What led you to be an early adopter of spatial transcriptomics? What was your first spatial project?
I was working with Tom Clemens on a project on sensory nerves in limb regeneration. When we met up at the Gordon Bone and Teeth Research Conference in February 2020 he introduced me to Robert Tower, saying that the project would be a great fit for the spatial transcriptomics platform to look at innervation. My research program focuses on the mouse digit amputation model, where the mouse distal digit tip is amputated and subsequently regenerates bone and soft tissue. While spatial transcriptomics was being used in models of development, this was a new model to look at regeneration in bone after injury. Shortly after that COVID-19 cancelled pretty much everything, so Robert and I spent the next year working on spatial transcriptomics in the mouse digit model, which we developed into an R21 grant in 2021 (HD106162).
Have you ever been surprised by the cell populations revealed in a spatial experiment?
The digit regeneration model is centered around the formation of a blastema, which is a dedifferentiated, heterogenous population of cells that eventually becomes the regenerated bone and tissue. This area is defined using histological boundaries, which are lost during approaches such as scRNA sequencing. The goal of the project was to spatially define and analyze the gene expression profile of this blastema in both young and aged mice, and spatial transcriptomics allowed us to do this. Further, my specific interest at the time was the role of cell metabolism in regeneration. These metabolic assays are traditionally biochemical in nature and typically give no spatial differentiation for heterogenous patterned tissues such as regenerating bone. Spatial transcriptomics allowed us to look at cell metabolism in the section of patterned tissue and showed us that surprisingly both oxidative phosphorylation and glycolysis are elevated specifically in the aged blastema.
How are you currently applying spatial transcriptomics in your research program?

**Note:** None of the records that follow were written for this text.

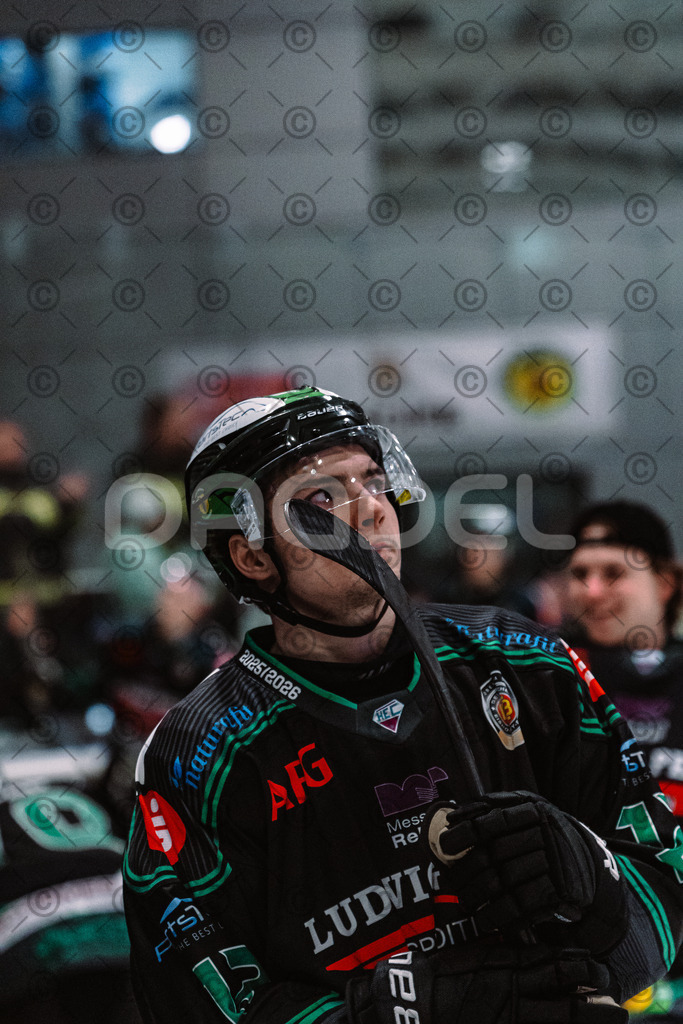 Alligators_vs_Toelz_15_02_2026-55 | Höchstadt Alligators Fotogalerie: Eishockey-Action aus Franken. Professionelle Spielfotos, Portraits & Stadionbilder zum Download. Jetzt entdecken! - Realisiert mit Pictrs.com
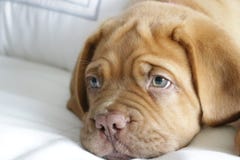 De borda Dogue szczeniak obrazy royalty free De borda Dogue szczeniak obrazy royalty free
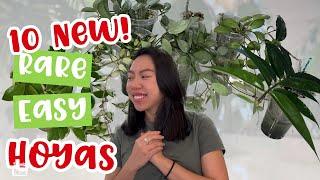 10 NEW HOYA!! | Rare and Easy | HOYA HAUL | LOOOONG VIDEO | Care tips | Growth | Watering
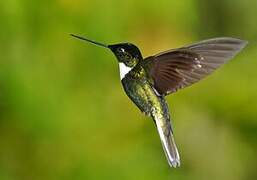 Collared Inca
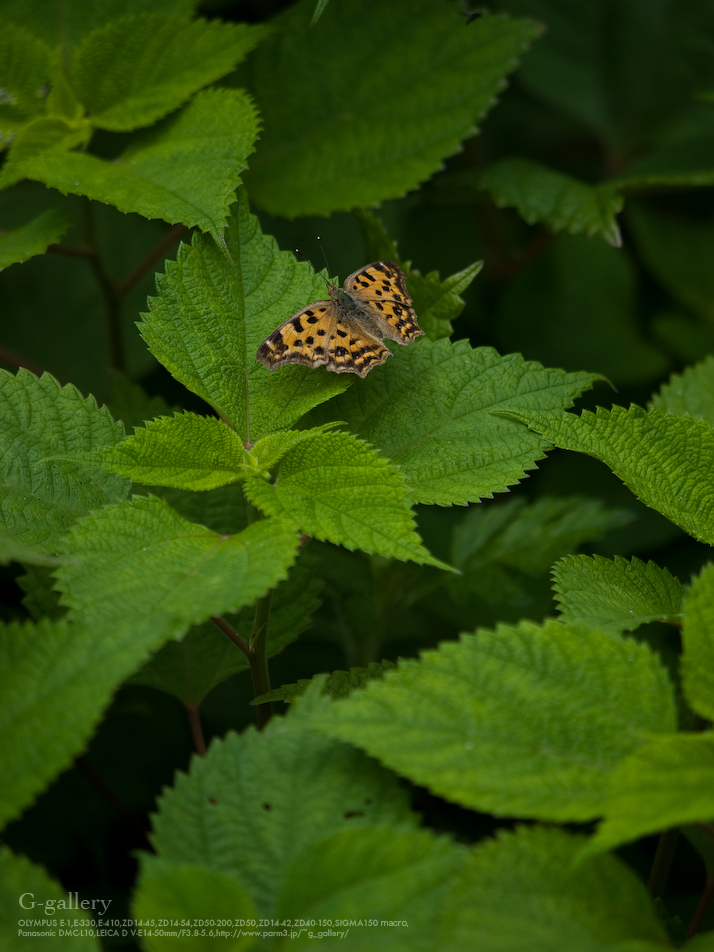 _1030597_L10.jpg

My research program, with Robert’s help, is currently using spatial transcriptomics to identify signaling gradients within the wound epithelium and nailbed to determine how these gradients affect the regeneration of the blastema into new patterned tissue. We have also begun to investigate cross-species comparisons of highly regenerative models, such as the axolotl, to models with limited regenerative capabilities such as the mouse. It is these spatially specific cross-comparisons I feel that will ultimately yield the highest amount of information for translational regenerative approaches.
What are advantages and challenges associated with using spatial transcriptomics in biological research?
Robert already mentioned the limitation of resolution in the 10x Visium platform that we use, although I feel that the spatial data that is gained, and the ability to repeatedly analyze different regions of interest over and over again on the same histological sample, far outweighs the limitation. We have repeatedly mined our data sets in different histological regions of interest asking completely new questions. One of the advantages that I would also note is that the 10x Visium assay platform is very straight forward, and with sample prep that preserves the RNA appropriately it is almost always successful. Robert and I recently ran a workshop for 10x Visium tissue optimization slides for the “Frontiers in Aging and Regeneration Research – FrARR” (AG043365) where 16 undergraduate trainees successfully completed tissue optimization of brain tissue.
Is there a specific barrier that once addressed might bring spatial transcriptomics technology to the next level?
I would say that in addition to the resolution and cost, which Robert mentioned, spatial transcriptomics is crossing into a new level of data analysis that requires strong collaboration with a bioinformatician or researchers that have strong skill sets in both bioinformatics and biology. In this collaboration, Robert’s expertise are in the musculoskeletal field, so this is a big advantage during analysis. A collaborator who can meet you halfway in your research program makes it much easier to explain the amputation model that I work in and circumvent downstream analysis issues up front.
What advice would you give investigators who want to incorporate spatial transcriptomics into their research program? What learning resources would you recommend?
I agree that 10x has excellent resources and videos for learning about the platform. These resources can give you detailed information on sample prep requirements, which are critical to good results. If you choose to outsource sample preparation and the 10x platform rather than doing it in your own lab, finding a histology core and a spatial core that will work very closely with you to identify your region of interest, sample orientation, and tissue coverage on the slide is key to getting good results. Typically, the histology and spatial aspects of this platform are separated in different cores. Finding a streamlined pipeline that will take your research from sample all the way through to analysis with minimal fuss is worth finding. The Tulane Center for Aging at Tulane School of Medicine has developed this as part of their incorporation of spatial transcriptomics and I think it has been a huge improvement for clients.